1180.10	counter-example and two incomplete derivations	PULSAR::WALLY	Wally Neilsen-Steinhardt	`Thu Jan 18 1990 13:06`	57
	re: <<< Note 1180.7 by ALLVAX::ROTH "It's a bush recording..." >>> > Yes, that's clearly correct on intuitive grounds; there's no way > a PDF that's a set of impulses will converge to a proper Gaussian. Consider a PDF which is zero everywhere but x=-1 and x=1, and its values there are such that the integral over the whole line is 1. Obviously we need integrals something like Stieljes (and I cannot even remember how to spell it!) This has zero mean and finite variance, but the sum of these distributions look like binomial distributions, and converge to the normal distribution in the very qualified sense mentioned earlier. To fail to converge to a normal distribution, the starting distribution has to lack a finite mean or variance, as previously stated. I have seen two other derivations for the form of the bell shaped curve. I could not reproduce either when I tired, but maybe if I put down what I remember, somebody else will fill in the gaps. A: Start with any well-known PDF, like the binomial distribution. Let the parameters in the distribution become very large. Take logs of both sides, and apply Stirling's Approximation log n! = n log n approximately to all the factorials. After a bit of algebra (which is what I have forgotten) you end up with something like log P = something - (r - n/2)*2 / something Raise e to the power of both sides and you get the Gaussian. The first term just becomes the normalization constant. Obviously, this only proves that a particular PDF converges to the Gaussian, but it is still interesting.

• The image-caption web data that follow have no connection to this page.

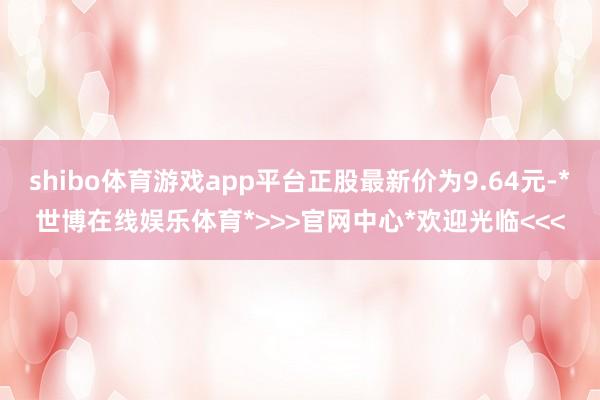 shibo体育游戏app平台正股最新价为9.64元-*世博在线娱乐体育*>>>官网中心*欢迎光临<<<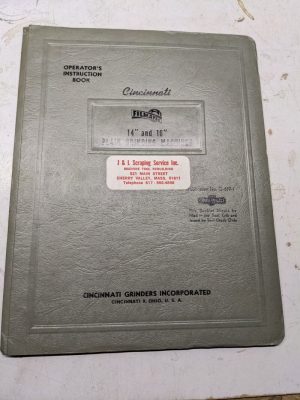Cincinnati Operator Service Manual 14” 16” Plain Grinding Machines G-619-1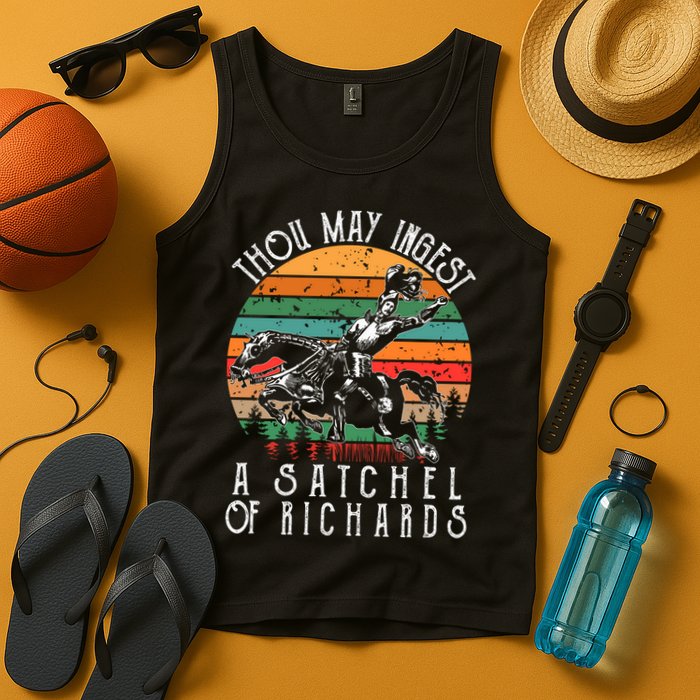 Thou May Ingest A Satchel Of Richards Tank Top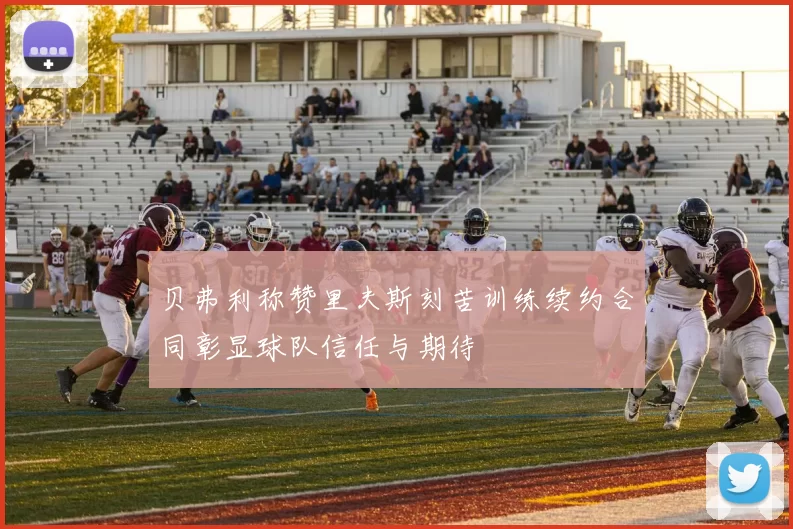 贝弗利称赞里夫斯刻苦训练续约合同彰显球队信任与期待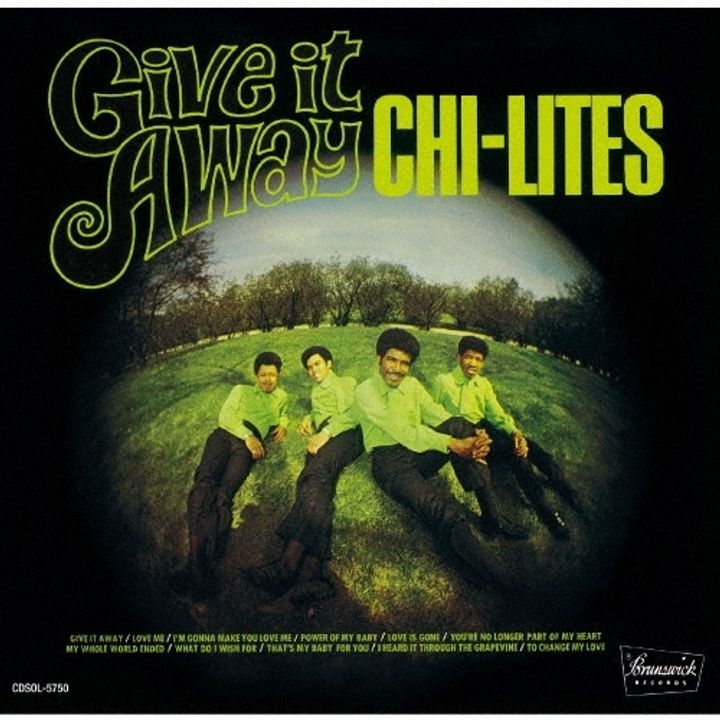 The Chi-Lites - Give It Away +5【日盤】（CD） 封面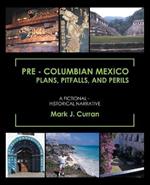 Pre - Columbian Mexico Plans, Pitfalls, and Perils: A Fictional - Historical Narrative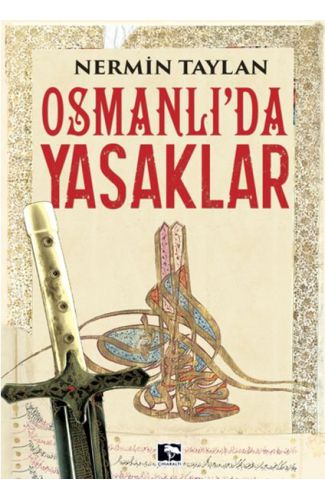 Osmanlı'da Yasaklar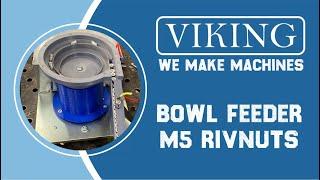 M5 Rivnut Bowl - Tooled for Pneumatic Pickup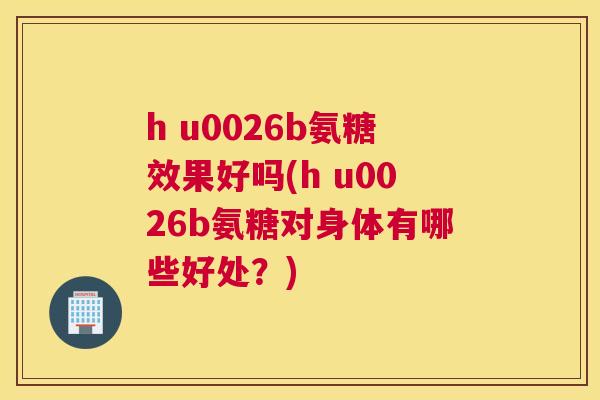 h u0026b氨糖效果好吗(h u0026b氨糖对身体有哪些好处？)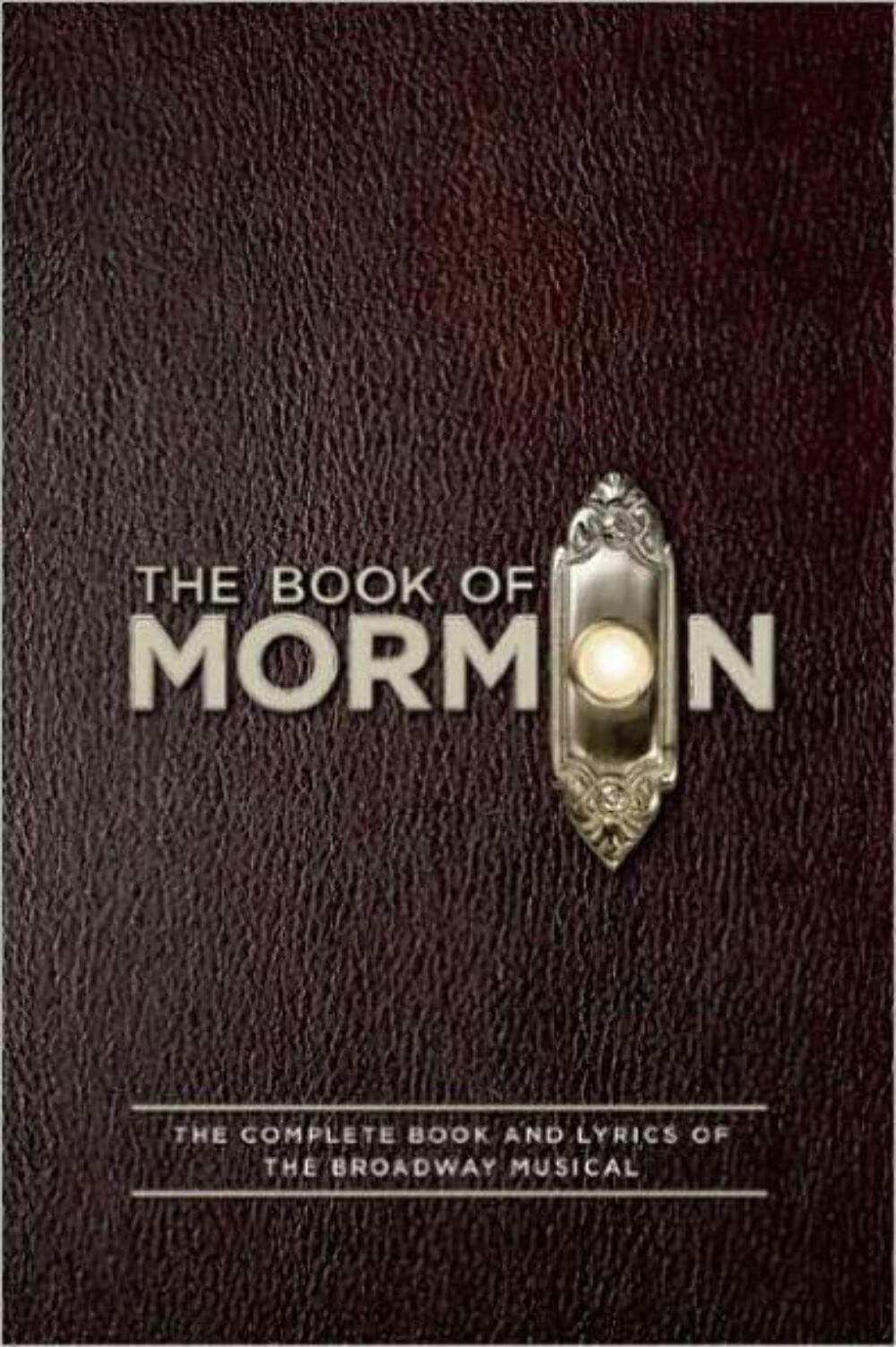 The Book of Mormon Script Book: The Complete Book and Lyrics of the Broadway…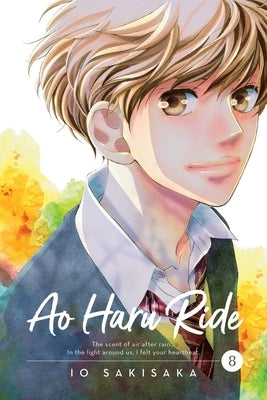 Ao Haru Ride, Vol. 8, 8 by Sakisaka, Io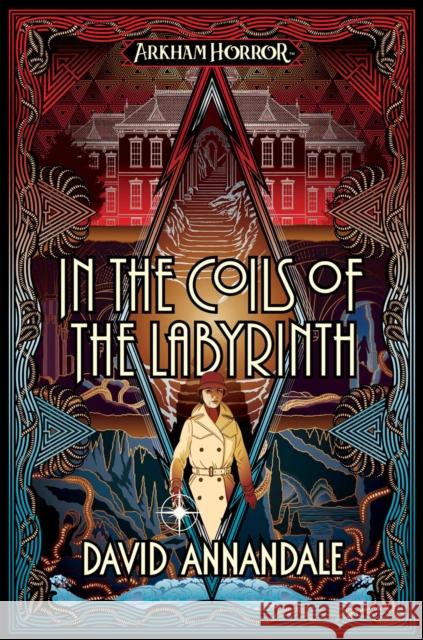 In the Coils of the Labyrinth: An Arkham Horror Novel David Annandale 9781839081699 Aconyte Books - książka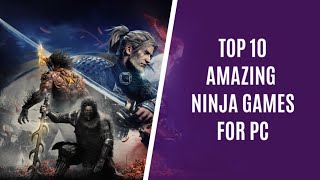 Top 10 Amazing Ninja Games for PC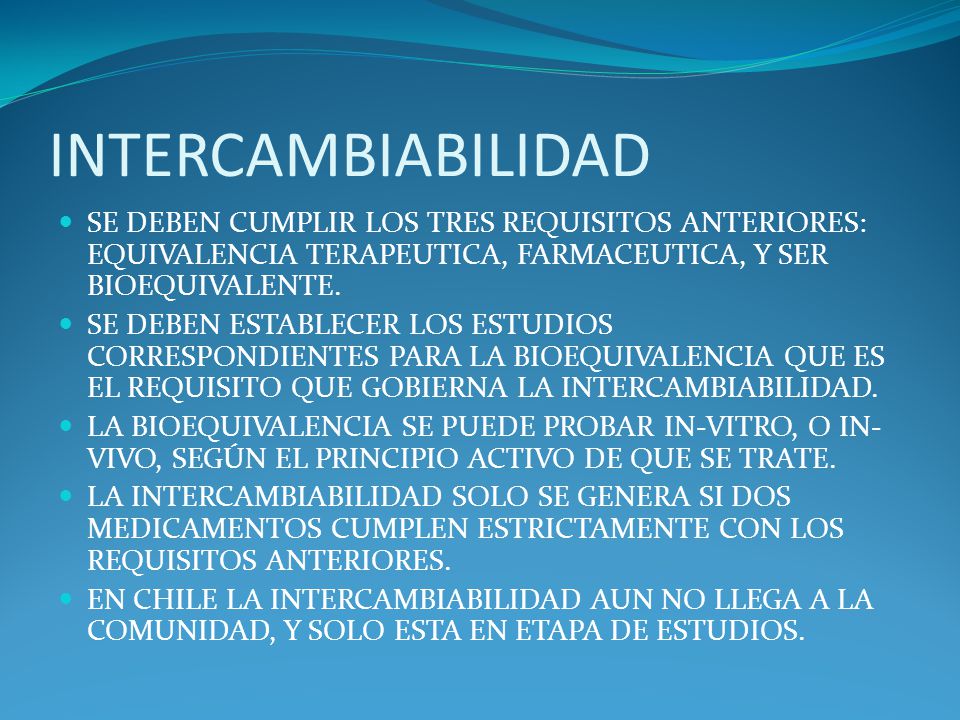 INTERCAMBIABILIDAD SE DEBEN CUMPLIR LOS TRES REQUISITOS ANTERIORES: EQUIVALENCIA TERAPEUTICA, FARMACEUTICA, Y SER BIOEQUIVALENTE.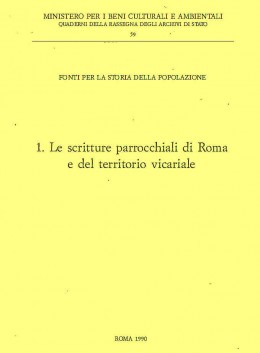 Quaderni 59: Fonti per la storia della popolazione. Le scritture parrocchiali di Roma e del territorio vicariale, Roma, 1990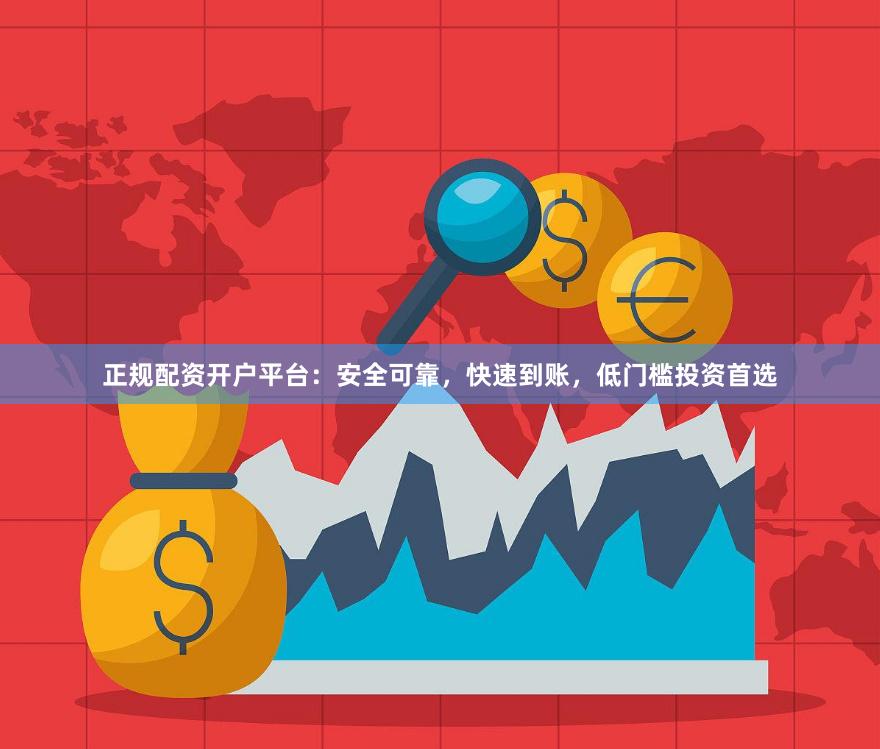 正规配资开户平台：安全可靠，快速到账，低门槛投资首选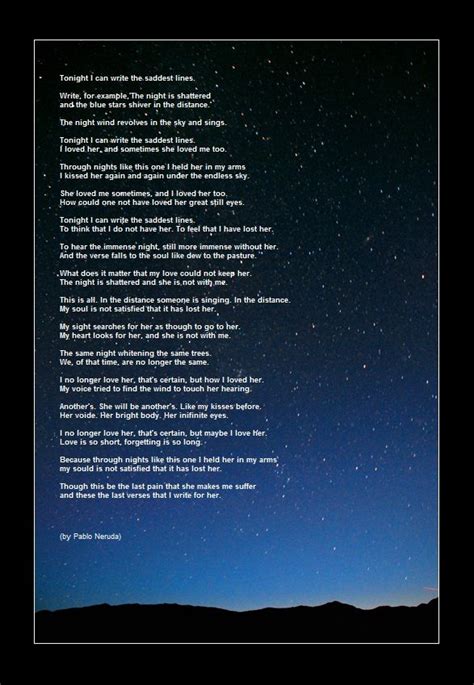 Tonight, I can write the saddest lines..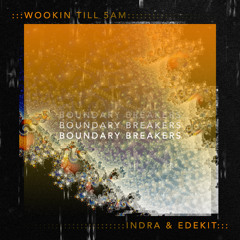 Indra & Edekit - Wookin' Till 5AM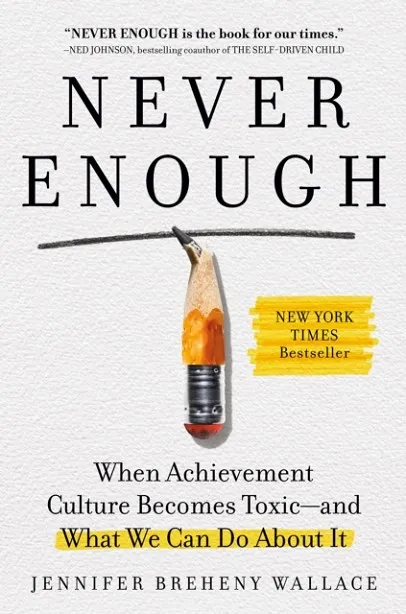 NEVER ENOUGH : WHEN ACHIEVEMENT CULTURE BECOMES TOXIC-AND WHAT WE CAN DO ABOUT IT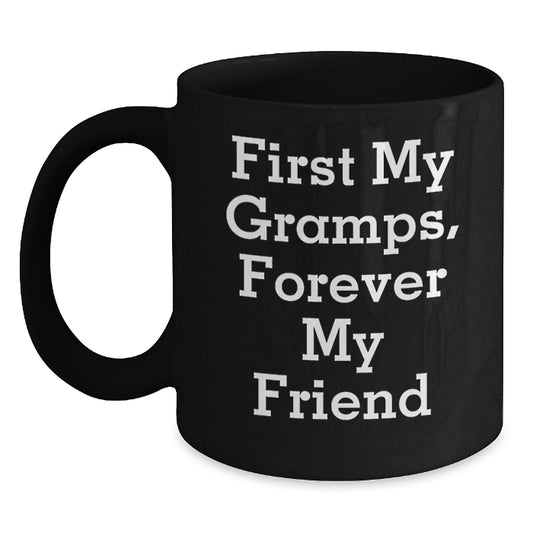 Funny Gramps Gifts - First My Gramps, Forever My Friend Quote Black Coffee Mug for Him, Birthday Present from Family, Friends or Coworkers - Main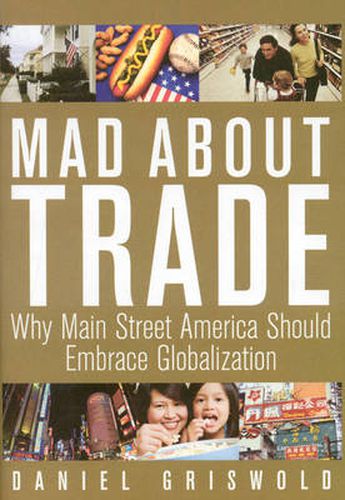 Cover image for Mad About Trade: Why Main Street America Should Embrace Globalization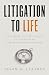 Litigation to Life by Jason Lazarus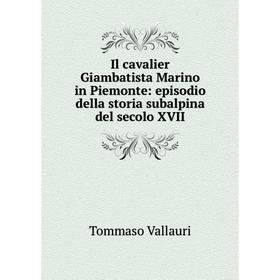 

Книга Il cavalier Giambatista Marino in Piemonte: episodio della storia subalpina del secolo XVII
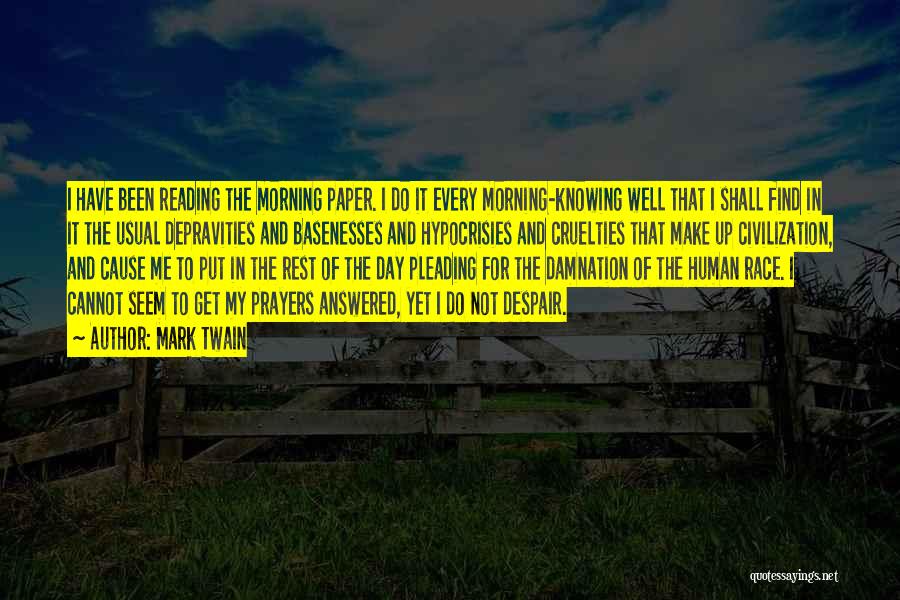 Mark Twain Quotes: I Have Been Reading The Morning Paper. I Do It Every Morning-knowing Well That I Shall Find In It The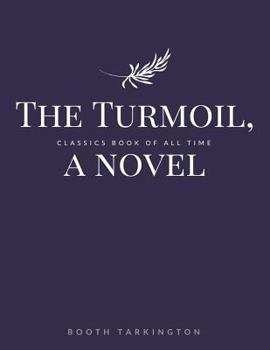 Paperback The Turmoil, a novel Book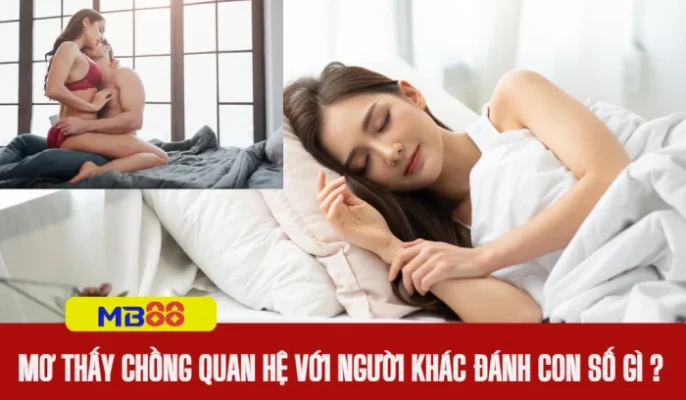 Nằm mơ thấy chồng đang quan hệ với người khác đánh số gì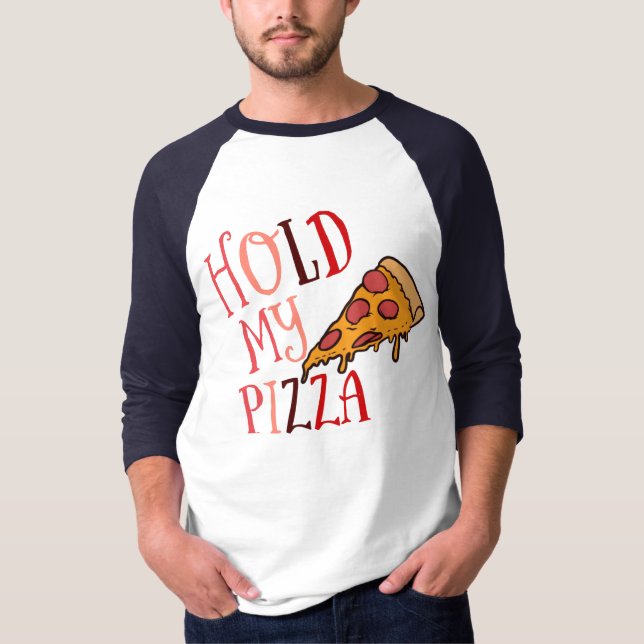 Hold My Pizza T-Shirt (Front)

B: Start with the fact that if you take n samples from any PDF, the mean of the sampling distribution is the mean of the PDF, and the variance of the sampling distribution is the variance of the PDF divided by n. Consider the logarithm of the sampling distribution, and expand it around its mean: log P(x-xm) = A0 + A1(x-xm) + A2(x-xm)^2 + ... One part I forgot is how you show that xm is also a maximum and therefore A1=0. Another part is how A2 remains constant while you increase n so that the variance decreases to zero, so for all the x where P is significantly far from zero, higher terms may be ignored. The result is the limit log P(x-xm) = A0 + A2 (x-xm)^2 and you raise e to both sides as above. Neither of these is a proof of the central limit theorem, but they may give you a better feeling for where the Gaussian came from.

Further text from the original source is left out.